Sono situazioni allarmanti, sulle quali bisogna indagare se si vuole salvare il giocattolo. La crescita della tecnologia poi è una minaccia, in futuro potrebbero esserci 22 robot. Bisogna rilanciare il settore giovanile e soprattutto la passione di tifosi e dirigenti vecchia scuola.Menichini allena la Primavera della Lazio. Abbiamo giocato insieme, lui potrebbe essere l'uomo di esperienza in grado di ricostruire il giocatore sotto il profilo tecnico e psicologico. Nei settori giovanili il giorno dell'allenamento vengono distribuite online le schede sulle cose da fare, non si può decidere una seduta a tavolino. Un ragazzo può attraversare momenti di crisi, così si rischia di bruciare i talenti perché non tutti sono uguali. Una volta uno come D'Amico che tendeva ad ingrassare era messo nelle condizioni di dimagrire, attenzione che oggi non c'è più. Adesso a 12 si ha accanto solo un procuratore che pensa solo a fare soldi.
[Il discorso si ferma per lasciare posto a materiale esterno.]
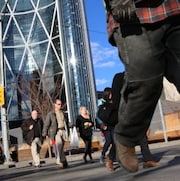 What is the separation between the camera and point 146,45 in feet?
7.41

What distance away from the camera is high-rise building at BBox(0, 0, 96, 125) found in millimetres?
82062

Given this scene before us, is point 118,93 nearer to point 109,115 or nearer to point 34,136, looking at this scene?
point 109,115

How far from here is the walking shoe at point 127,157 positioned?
2.66 metres

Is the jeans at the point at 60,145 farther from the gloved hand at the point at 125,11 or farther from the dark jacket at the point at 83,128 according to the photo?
the gloved hand at the point at 125,11

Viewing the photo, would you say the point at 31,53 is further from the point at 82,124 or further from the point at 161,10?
the point at 161,10

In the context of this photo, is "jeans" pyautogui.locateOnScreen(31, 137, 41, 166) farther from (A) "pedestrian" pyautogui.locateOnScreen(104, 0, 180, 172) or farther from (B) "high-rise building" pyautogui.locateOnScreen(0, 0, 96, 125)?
(B) "high-rise building" pyautogui.locateOnScreen(0, 0, 96, 125)

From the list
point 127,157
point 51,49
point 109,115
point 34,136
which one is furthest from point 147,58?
point 51,49

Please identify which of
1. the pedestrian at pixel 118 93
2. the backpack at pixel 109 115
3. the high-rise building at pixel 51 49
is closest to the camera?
the pedestrian at pixel 118 93

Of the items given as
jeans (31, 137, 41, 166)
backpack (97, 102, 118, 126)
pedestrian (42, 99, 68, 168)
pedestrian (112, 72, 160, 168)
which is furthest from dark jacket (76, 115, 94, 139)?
pedestrian (112, 72, 160, 168)

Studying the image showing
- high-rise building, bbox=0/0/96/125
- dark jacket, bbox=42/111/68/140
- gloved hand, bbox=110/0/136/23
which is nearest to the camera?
gloved hand, bbox=110/0/136/23

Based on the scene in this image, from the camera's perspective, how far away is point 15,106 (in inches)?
3206

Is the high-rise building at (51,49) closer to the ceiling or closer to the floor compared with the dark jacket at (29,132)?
closer to the ceiling

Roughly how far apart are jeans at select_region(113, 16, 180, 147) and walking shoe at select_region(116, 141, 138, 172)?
333 mm

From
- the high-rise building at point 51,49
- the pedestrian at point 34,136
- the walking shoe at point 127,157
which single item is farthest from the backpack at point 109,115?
the high-rise building at point 51,49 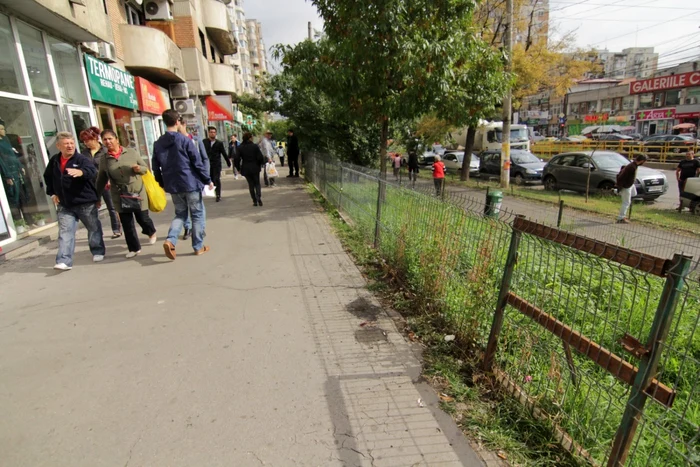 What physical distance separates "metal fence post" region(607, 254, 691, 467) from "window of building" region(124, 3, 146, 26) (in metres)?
16.7

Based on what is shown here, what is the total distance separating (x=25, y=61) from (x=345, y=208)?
6.70 metres

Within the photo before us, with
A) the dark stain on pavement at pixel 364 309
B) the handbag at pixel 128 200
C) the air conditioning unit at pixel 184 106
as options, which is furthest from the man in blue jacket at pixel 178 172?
the air conditioning unit at pixel 184 106

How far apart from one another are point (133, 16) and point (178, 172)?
41.4 feet

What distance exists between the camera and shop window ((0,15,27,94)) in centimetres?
716

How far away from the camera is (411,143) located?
13062 mm

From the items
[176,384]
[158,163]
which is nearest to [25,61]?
[158,163]

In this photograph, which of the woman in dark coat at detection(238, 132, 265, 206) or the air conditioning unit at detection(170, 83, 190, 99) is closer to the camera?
the woman in dark coat at detection(238, 132, 265, 206)

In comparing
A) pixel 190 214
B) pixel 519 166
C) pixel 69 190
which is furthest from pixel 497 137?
pixel 69 190

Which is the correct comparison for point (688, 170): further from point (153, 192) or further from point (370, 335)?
point (153, 192)

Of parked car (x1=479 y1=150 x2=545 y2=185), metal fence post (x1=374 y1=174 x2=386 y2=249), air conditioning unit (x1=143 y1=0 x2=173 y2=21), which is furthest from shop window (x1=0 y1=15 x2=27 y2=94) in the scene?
parked car (x1=479 y1=150 x2=545 y2=185)

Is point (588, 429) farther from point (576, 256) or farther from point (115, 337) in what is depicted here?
point (115, 337)

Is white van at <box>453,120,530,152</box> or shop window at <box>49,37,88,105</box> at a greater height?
shop window at <box>49,37,88,105</box>

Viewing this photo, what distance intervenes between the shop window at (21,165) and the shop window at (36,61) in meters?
0.79

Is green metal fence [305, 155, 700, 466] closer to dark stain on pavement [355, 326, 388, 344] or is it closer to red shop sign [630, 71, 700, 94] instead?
dark stain on pavement [355, 326, 388, 344] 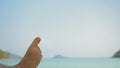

Domenica la Lazio affronterà una Sampdoria piena di ex Roma, tra Di Francesco e Ferrero. Sarà una partita incerta perché i blucerchiati sono sicuramente più deboli dello scorso anno ma è la prima partita, sempre imprevedibile. Inoltre le novità del Doria potrebbero regalare un vantaggio e uno svantaggio allo stesso tempo, con qualche pecca di distrazione. Sicuramente Inzaghi ha il vantaggio di conoscere la rosa, con la stessa ossatura del campionato scorso. Servono grinta e concentrazione per centrare un risultato positivo”.